The vessels were operating in support of the war in Afghanistan, Clarke said. The submarine was to continue on its planned journey to the island of Diego Garcia and will receive an underwater assessment of its damage there, Clarke said.

She said she did not know what repair plans were in store for the Ogden.

One Navy officer, who spoke on condition of anonymity, said it appeared from initial reports that the two ships made contact in their stern areas. The weather conditions were described as windy.

The collision occurred at 9:55 a.m. local time on Sunday, said the officer.

Two sailors from the sub were being transferred because of deaths in their families. They had been granted emergency leaves, the officer said.

The men were supposed to have been placed on a small boat from the Ogden and taken to the larger ship, but the transfer had not yet taken place at the time of the accident.

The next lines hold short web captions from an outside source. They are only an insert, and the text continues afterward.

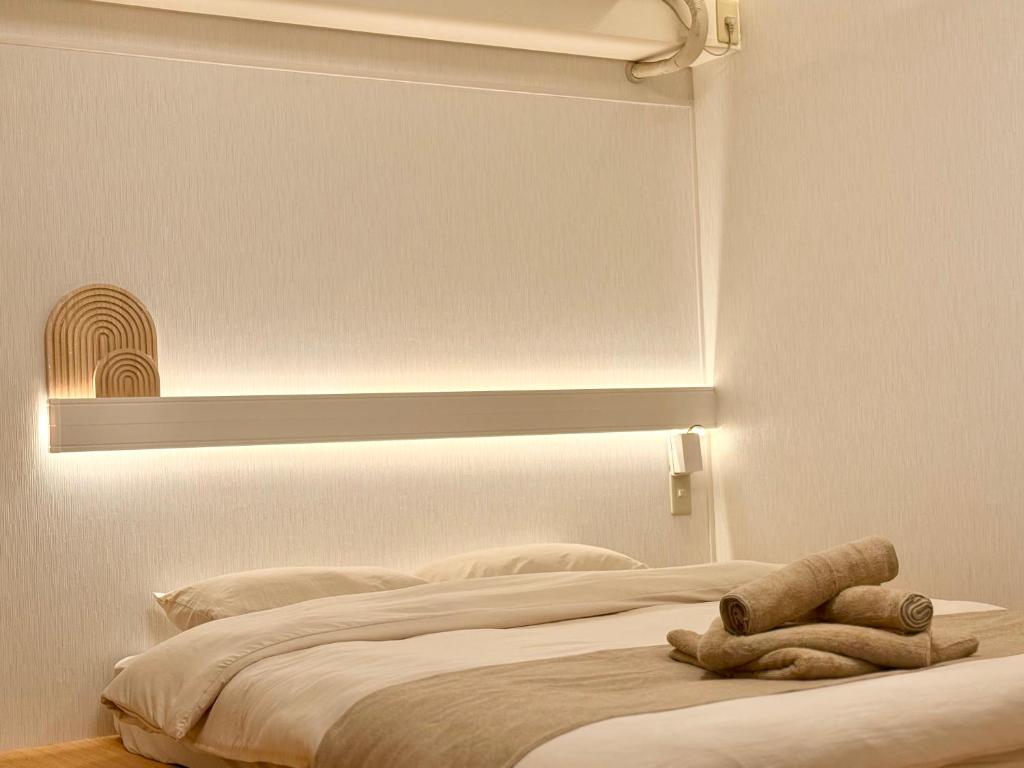 Letto o letti in una camera di 桜南大塚ハウス i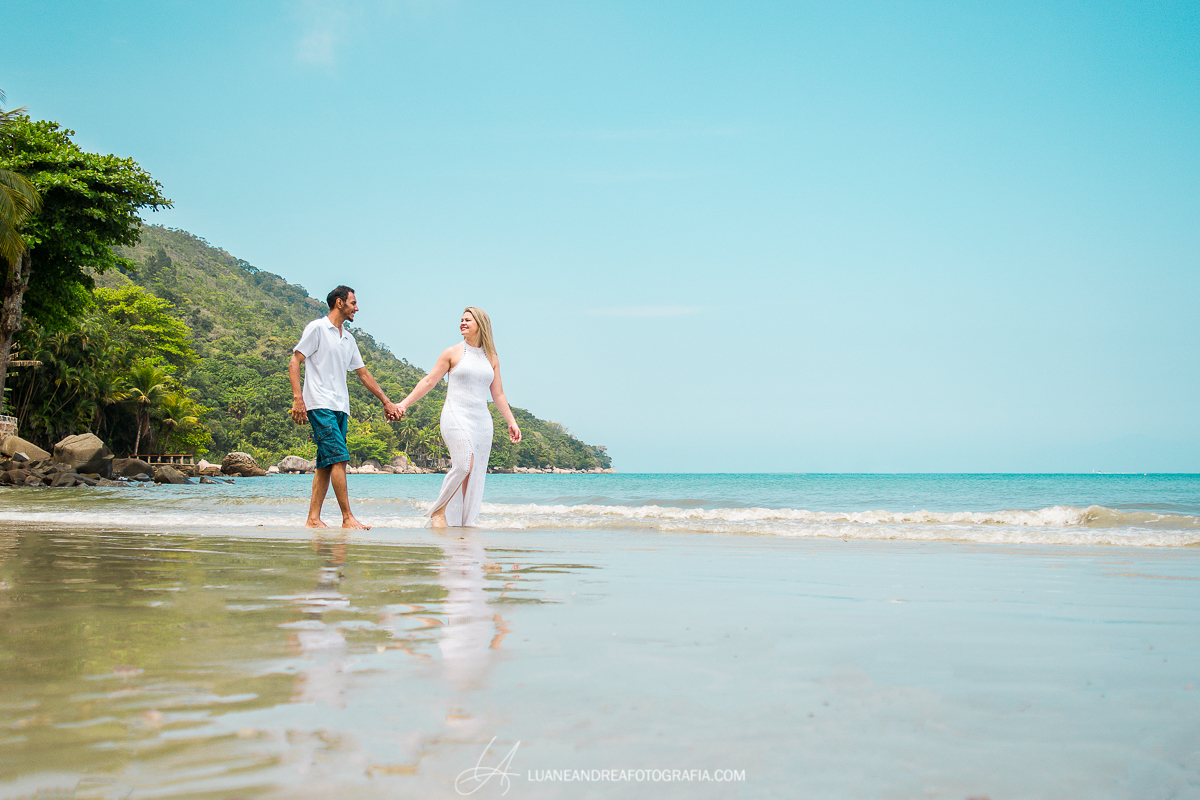 casal de noivos de mãos dadas caminhando na praia em ensaio pré-wedding pré casamento na praia em Ubatuba litoral norte de são paulo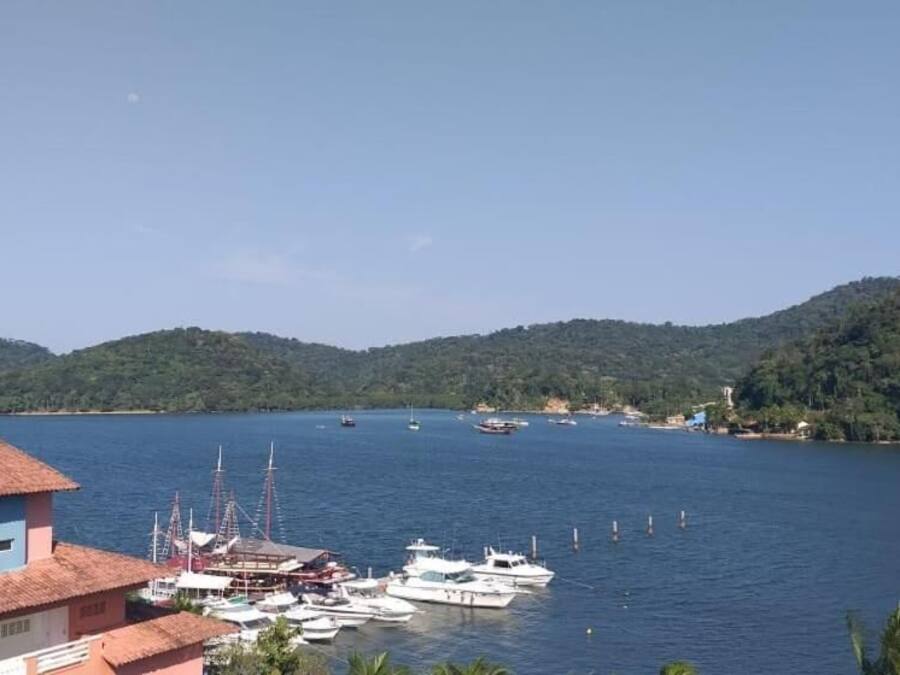 A coastal marina with boats docked, surrounded by hills and a clear sky.
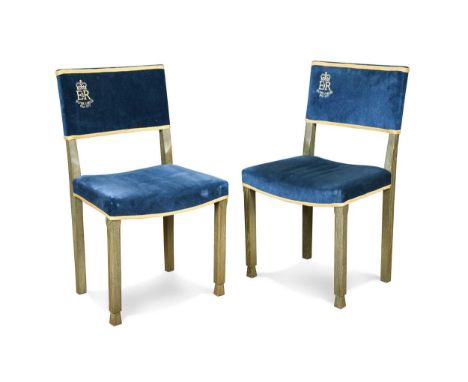 A pair of Elizabeth II limed oak Silver Jubilee chairs, 1977,  upholstered in blue velvet, with plaque inscribed 'Replica of 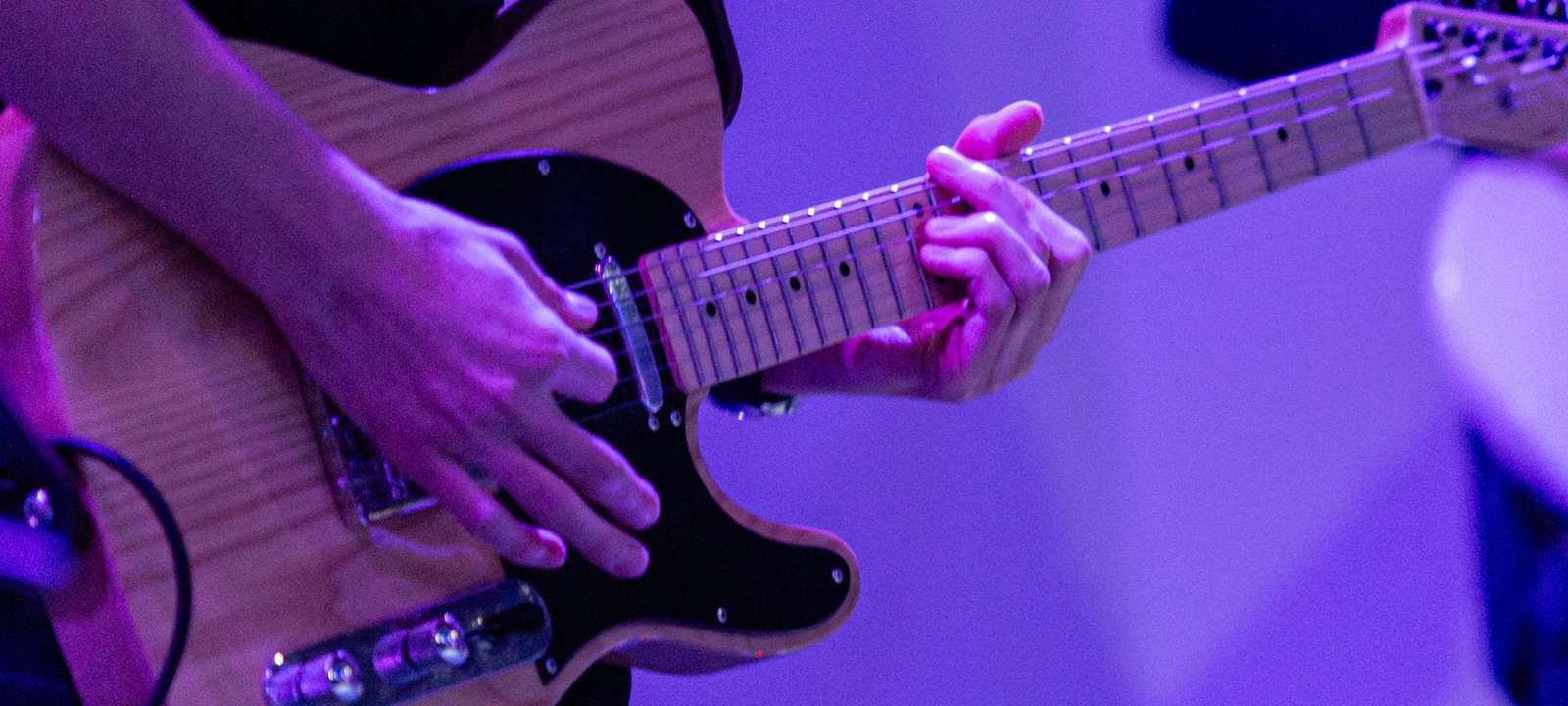 A guitarist playing the guitar on stage.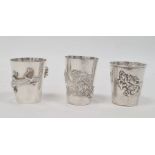 Three Chinese silver-coloured shot cups, each variously decorated with dragons or lizard and spider,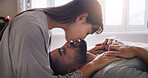 Couple, love and affection with kiss for comfort, intimacy or trust with commitment in home. Man, woman or lovers with touch, romance or passion for sensual relaxation, support or bonding in house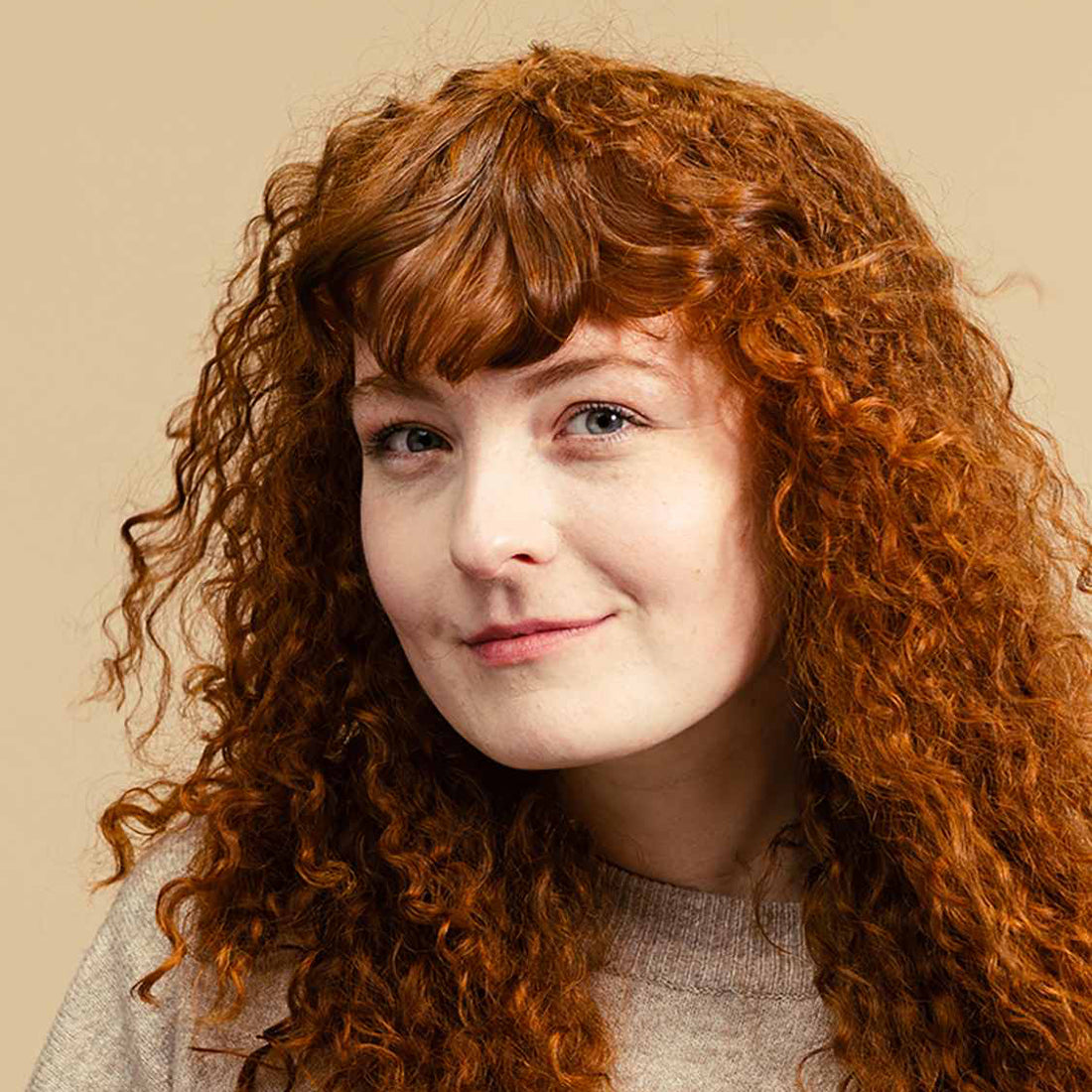 Woman posing and showing off her hair after using Lush&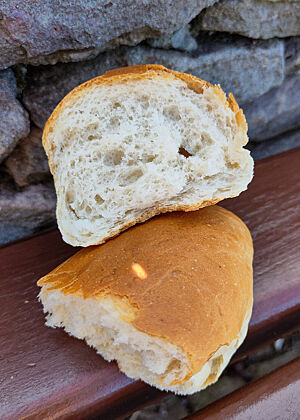 Ein aufgerissenes Brötchen mit wattiger, heller Krume.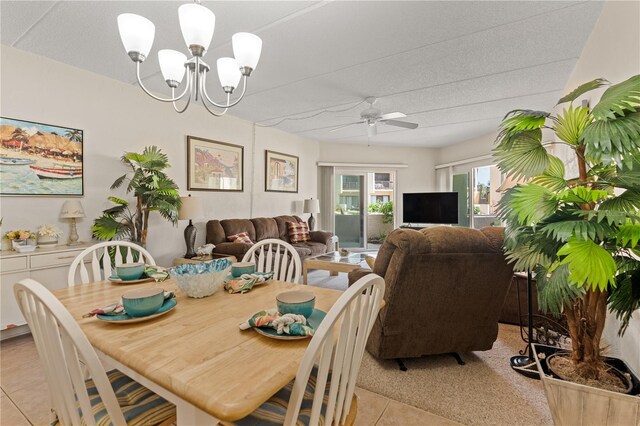 dining space with ceiling fan with notable chandelier and light tile patterned floors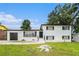 Charming two-story home featuring a brick exterior, well-manicured lawn, and a driveway leading to an attached garage at 2403 Tiffany Pl, Decatur, GA 30035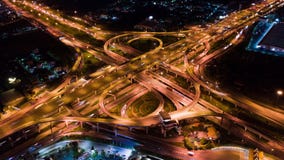 Time-lapse of car traffic transport on multiple lane highway or winding road expressway in Asia city at night, drone aerial view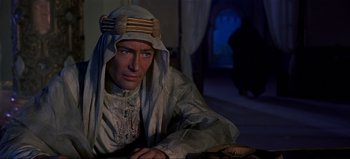 Movie still from “Lawrence of Arabia” (1962), directed by David Lean – A man wearing a white robe and a head covering; Medium shot, Over the shoulder angle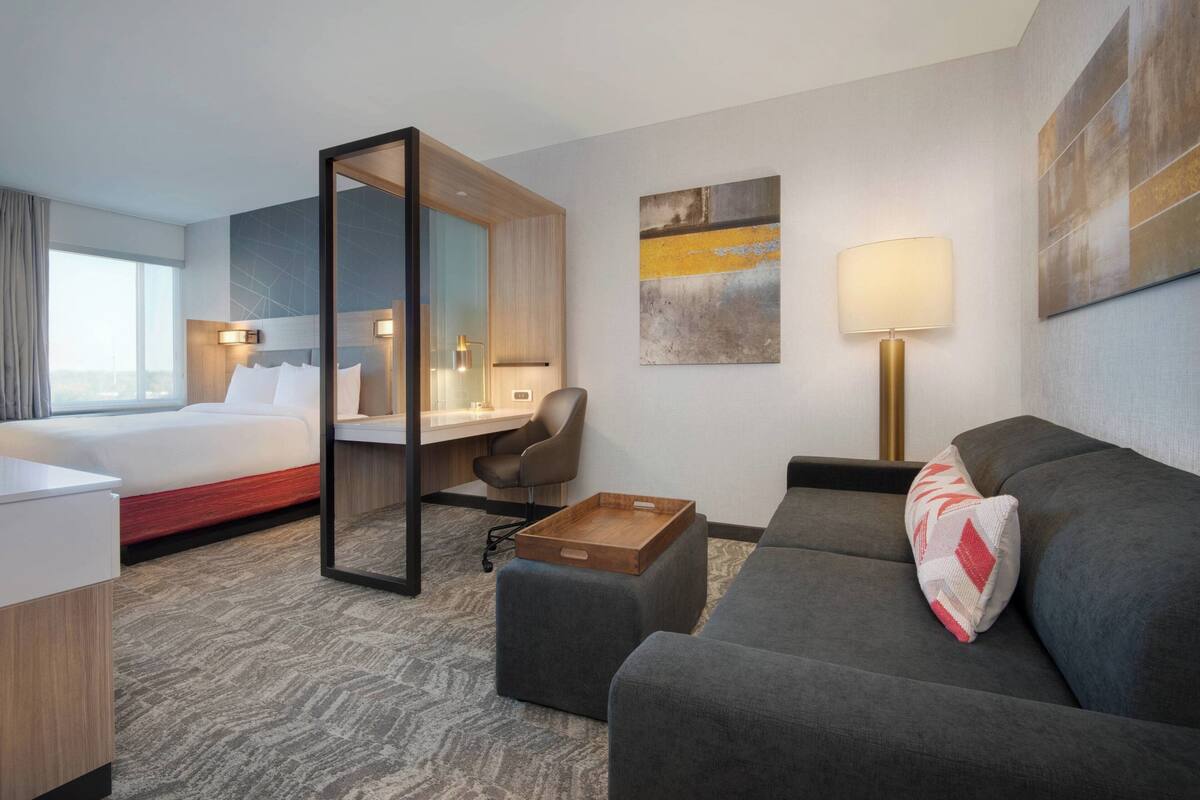 A hotel room with a bed, a desk, a chair, a sofa, and a small table.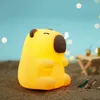 A yellow, bear-shaped night light sits on a sandy beach next to two small bottles. Náhľad obrázku produktu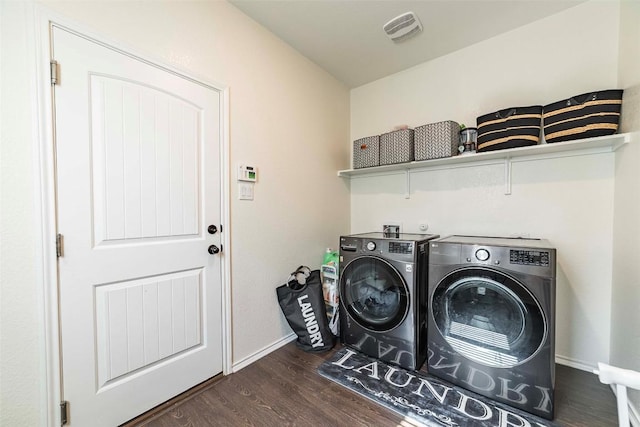 1224 Euless Ln, Leander, TX 78641 - washroom with dark wood-type flooring and washing machine and clothes dryer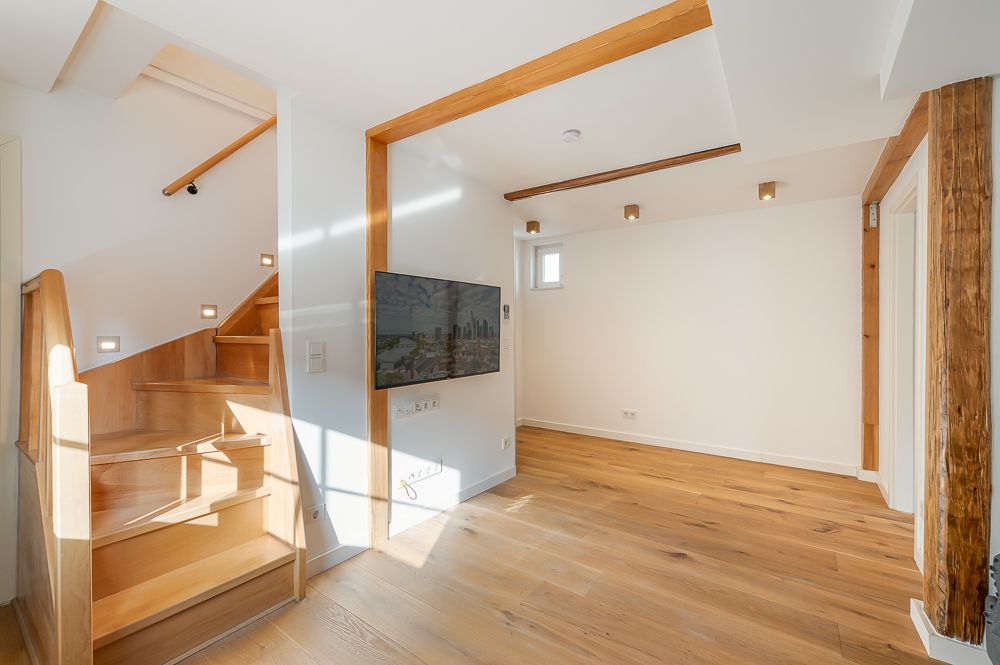 Helles Wohnzimmer mit Holztreppe, TV an der Wand und Holzboden.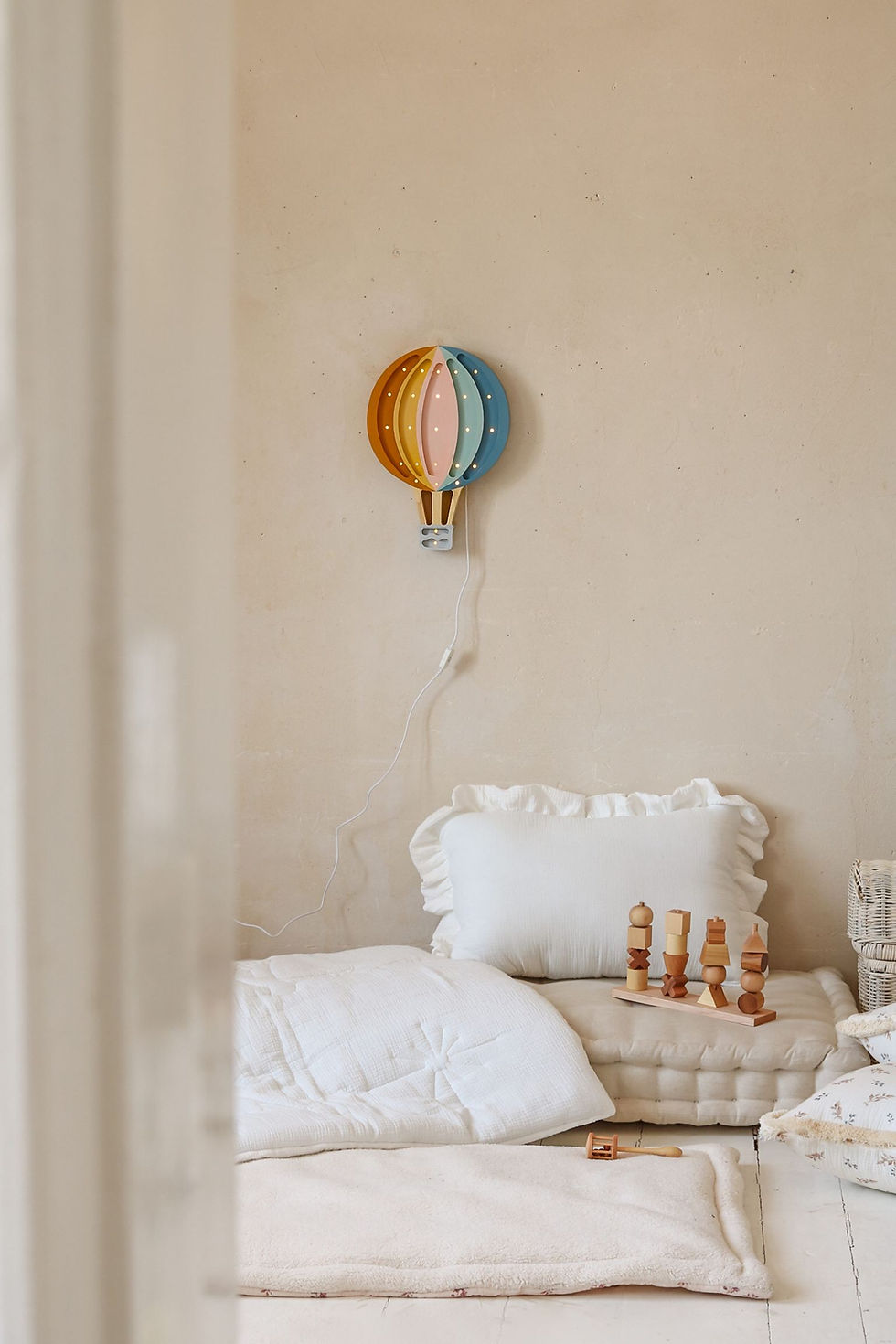 houten kinderlamp in de vorm van een luchtballon in retro kleuren in een lichte neutrale kinderkamer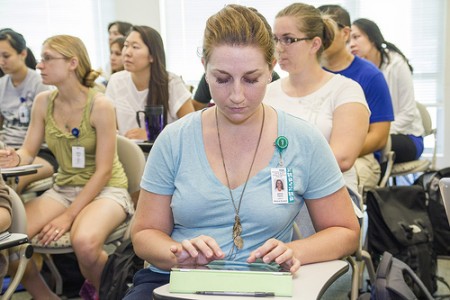 student takes notes on ipad during lecture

Because of the collision, the transfer never took place.

The collision made a 5-inch-by-18-inch puncture in one of the Ogden's fuel tanks 15 feet below the water line on its right side. Several thousand gallons of light diesel fuel leaked into the sea, the officer said.

Because of windy conditions, the fuel headed away from shore and toward the open sea, the officer said.

The Greeneville's stern plane was damaged. That is a part of the submarine located at the back end of the vessel that acts as a wing to control the angle of the ship's movement, the officer said.

Clarke identified the commanders of the vessels as Cmdr. Lindsay Henkins of the Greeneville and Cmdr. William Edwards of the Ogden.

An investigation of the incident is under way, the Navy officer said.